(Extracted records)
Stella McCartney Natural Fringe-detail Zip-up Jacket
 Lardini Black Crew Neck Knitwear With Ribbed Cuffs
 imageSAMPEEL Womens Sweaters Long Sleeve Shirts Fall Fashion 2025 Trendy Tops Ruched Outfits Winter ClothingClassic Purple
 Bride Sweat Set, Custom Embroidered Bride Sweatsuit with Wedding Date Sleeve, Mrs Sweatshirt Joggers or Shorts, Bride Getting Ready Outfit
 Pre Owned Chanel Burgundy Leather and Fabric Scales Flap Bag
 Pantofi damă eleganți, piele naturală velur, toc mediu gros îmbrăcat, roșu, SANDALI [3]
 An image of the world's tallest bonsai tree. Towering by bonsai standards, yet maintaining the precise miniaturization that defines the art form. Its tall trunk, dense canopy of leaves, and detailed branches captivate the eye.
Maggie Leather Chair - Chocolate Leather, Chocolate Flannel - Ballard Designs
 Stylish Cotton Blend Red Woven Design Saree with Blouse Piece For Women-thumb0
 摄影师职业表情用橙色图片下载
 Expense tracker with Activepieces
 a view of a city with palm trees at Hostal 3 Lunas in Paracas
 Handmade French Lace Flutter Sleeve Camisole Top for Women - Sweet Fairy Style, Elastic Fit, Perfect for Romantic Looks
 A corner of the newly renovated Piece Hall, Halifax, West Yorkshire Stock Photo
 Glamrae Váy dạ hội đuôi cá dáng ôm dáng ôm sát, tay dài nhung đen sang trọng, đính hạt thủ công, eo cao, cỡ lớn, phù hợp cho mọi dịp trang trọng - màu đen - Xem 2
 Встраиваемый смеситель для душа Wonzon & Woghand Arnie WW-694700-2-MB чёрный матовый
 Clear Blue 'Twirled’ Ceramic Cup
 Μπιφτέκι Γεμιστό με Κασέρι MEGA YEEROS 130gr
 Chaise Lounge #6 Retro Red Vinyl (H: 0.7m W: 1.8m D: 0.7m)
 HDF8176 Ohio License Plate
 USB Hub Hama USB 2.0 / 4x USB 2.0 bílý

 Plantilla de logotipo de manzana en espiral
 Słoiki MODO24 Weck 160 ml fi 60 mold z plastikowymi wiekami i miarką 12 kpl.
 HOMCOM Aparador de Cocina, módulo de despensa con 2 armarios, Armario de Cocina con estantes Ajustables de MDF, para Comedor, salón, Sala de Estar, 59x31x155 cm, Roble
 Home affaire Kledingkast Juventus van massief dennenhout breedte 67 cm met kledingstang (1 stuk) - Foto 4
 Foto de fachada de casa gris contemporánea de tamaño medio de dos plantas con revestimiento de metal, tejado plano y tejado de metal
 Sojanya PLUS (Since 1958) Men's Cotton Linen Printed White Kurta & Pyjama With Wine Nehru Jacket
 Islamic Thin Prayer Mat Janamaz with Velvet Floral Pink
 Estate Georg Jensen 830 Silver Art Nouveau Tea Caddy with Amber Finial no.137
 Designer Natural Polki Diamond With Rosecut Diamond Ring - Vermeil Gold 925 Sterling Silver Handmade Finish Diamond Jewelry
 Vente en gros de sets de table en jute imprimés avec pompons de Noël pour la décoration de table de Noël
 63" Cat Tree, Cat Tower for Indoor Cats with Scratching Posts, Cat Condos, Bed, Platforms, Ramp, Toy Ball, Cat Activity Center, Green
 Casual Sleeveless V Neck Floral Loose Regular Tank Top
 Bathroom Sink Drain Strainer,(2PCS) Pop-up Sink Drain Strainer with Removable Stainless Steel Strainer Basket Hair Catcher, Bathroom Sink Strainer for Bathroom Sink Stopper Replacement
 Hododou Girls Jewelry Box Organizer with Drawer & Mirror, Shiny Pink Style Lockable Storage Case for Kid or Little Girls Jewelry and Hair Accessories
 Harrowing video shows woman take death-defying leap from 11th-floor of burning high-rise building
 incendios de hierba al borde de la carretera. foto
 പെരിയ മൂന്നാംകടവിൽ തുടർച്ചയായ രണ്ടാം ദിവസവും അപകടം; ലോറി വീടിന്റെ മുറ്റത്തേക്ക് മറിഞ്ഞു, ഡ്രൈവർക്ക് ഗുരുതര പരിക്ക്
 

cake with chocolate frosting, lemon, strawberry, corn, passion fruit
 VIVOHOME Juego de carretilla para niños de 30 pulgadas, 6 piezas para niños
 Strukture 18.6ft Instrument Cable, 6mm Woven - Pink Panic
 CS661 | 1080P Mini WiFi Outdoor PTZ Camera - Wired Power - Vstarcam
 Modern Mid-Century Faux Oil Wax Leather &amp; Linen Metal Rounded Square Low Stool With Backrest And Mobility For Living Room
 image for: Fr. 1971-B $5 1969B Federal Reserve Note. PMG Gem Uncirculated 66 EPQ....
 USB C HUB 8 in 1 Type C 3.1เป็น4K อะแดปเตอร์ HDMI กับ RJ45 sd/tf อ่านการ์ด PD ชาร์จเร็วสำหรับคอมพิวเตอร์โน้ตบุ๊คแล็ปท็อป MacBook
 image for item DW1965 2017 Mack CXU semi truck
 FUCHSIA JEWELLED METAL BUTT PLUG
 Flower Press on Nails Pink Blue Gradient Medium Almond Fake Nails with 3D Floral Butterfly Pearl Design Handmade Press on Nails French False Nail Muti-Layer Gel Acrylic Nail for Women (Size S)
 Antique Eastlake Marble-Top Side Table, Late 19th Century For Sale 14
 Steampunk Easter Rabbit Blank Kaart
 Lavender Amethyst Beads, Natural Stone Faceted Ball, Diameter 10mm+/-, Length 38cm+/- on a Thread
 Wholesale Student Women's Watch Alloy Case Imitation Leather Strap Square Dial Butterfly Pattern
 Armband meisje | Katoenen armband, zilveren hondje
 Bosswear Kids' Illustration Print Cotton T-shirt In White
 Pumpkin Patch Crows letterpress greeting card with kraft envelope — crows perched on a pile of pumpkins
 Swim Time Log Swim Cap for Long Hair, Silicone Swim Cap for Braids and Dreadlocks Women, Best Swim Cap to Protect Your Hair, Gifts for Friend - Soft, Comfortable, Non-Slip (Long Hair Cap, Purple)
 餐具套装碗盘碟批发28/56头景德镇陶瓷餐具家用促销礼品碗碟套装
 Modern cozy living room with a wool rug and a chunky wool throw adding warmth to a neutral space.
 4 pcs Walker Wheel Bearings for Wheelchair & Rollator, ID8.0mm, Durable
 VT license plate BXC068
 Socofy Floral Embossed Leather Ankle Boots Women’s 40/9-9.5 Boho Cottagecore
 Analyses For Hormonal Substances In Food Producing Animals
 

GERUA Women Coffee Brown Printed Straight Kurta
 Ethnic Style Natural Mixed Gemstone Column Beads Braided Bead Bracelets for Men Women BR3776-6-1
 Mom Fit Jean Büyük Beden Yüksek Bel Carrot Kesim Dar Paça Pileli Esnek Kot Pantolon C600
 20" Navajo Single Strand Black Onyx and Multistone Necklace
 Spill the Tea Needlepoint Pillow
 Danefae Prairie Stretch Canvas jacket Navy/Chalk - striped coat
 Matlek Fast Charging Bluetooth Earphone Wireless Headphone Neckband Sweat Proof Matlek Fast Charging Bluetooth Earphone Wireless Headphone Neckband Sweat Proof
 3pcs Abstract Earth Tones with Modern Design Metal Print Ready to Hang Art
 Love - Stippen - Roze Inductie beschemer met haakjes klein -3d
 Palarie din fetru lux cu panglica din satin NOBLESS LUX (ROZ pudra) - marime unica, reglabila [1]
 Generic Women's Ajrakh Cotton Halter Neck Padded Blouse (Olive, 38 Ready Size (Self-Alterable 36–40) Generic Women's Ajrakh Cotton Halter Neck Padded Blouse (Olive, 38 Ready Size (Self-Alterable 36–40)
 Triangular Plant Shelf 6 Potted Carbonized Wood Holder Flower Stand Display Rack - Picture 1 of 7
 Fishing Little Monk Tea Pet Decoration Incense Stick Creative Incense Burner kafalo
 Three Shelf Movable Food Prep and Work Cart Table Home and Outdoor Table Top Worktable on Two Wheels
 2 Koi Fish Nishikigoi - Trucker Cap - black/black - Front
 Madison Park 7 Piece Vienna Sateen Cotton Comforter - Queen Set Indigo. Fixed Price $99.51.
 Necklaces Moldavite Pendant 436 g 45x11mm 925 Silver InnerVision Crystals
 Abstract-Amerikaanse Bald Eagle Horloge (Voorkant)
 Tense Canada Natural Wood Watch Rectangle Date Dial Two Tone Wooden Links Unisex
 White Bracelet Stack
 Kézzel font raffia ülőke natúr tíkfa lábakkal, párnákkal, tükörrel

Your goal —
Which lines hold the word "Woven"? Return all of them from the records above.

Result —
 Stylish Cotton Blend Red Woven Design Saree with Blouse Piece For Women-thumb0
 Strukture 18.6ft Instrument Cable, 6mm Woven - Pink Panic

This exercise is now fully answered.